WALHI menilai, pasal 76 itu tumpang tindih dengan pasal-pasal di RTRW Jawa Timur. Seperti pasal 71 tentang pangan, pasal 72 tentang pengembangan hortikultura, pasal 54 tentang rencana kawasan lindung, pasal 55 tentang kawasan lindung, pasal 56 tentang kawasan perlindungan setempat, dan pasal 57 tentang konservasi.

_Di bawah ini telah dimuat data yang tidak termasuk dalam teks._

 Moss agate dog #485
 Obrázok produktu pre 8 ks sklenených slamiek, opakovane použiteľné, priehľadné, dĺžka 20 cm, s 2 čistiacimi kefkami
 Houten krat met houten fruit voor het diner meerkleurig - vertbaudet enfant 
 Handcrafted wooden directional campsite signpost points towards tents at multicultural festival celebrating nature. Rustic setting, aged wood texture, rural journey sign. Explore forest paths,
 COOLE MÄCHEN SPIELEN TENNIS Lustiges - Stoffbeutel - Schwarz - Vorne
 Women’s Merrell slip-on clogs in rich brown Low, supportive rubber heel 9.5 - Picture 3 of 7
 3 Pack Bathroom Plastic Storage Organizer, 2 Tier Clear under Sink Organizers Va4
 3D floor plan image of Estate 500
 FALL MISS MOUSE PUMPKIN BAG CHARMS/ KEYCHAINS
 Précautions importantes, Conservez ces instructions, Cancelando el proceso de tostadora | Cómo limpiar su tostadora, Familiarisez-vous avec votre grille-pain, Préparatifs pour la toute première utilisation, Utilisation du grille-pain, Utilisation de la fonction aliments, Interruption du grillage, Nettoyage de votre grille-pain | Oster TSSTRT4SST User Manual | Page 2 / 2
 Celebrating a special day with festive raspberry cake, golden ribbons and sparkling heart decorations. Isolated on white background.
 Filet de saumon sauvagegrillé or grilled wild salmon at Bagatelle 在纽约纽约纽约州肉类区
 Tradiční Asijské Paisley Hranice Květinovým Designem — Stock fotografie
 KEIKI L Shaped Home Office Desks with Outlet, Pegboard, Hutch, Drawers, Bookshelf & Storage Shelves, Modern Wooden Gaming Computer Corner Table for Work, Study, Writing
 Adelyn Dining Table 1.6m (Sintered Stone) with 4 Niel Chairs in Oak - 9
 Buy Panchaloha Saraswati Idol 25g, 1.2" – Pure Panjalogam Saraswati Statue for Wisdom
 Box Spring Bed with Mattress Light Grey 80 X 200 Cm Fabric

Selain itu, adal pasal 121 ayat (3) poin (f) RTRW Jawa Timur menyebutkan indikasi arahan zonasi kawasan budi daya terdiri atas indikasi arahan kawasan zonasi kawasan pertambangan dan energi. Kemudian, pasal 122 poin (a) nomor (4) disebutkan indikasi arahan zonasi kawasan hutan lindung, diizinkan penggunaan kawasan hutan untuk kepentingan pertambangan melalui pemberian izin pinjam pakai oleh Menteri dengan mempertimbangkan batasan luas dan jangka waktu tertentu serta kelestarian lingkungan.
Pasal-pasal yang dinilai bermasalah itu dipertegas dengan pasal 132 poin (a) nomor 4 dan 5 RTRW Jawa Timur. Nomor 4, menyebutkan diizinkan pengembangan kawasan pertambangan secara bersama-sama dengan penelitian dan pendidikan. Lalu, nomor 5 menyebutkan, diizinkan pengembangan infrastruktur yang mendukung kegiatan pertambangan.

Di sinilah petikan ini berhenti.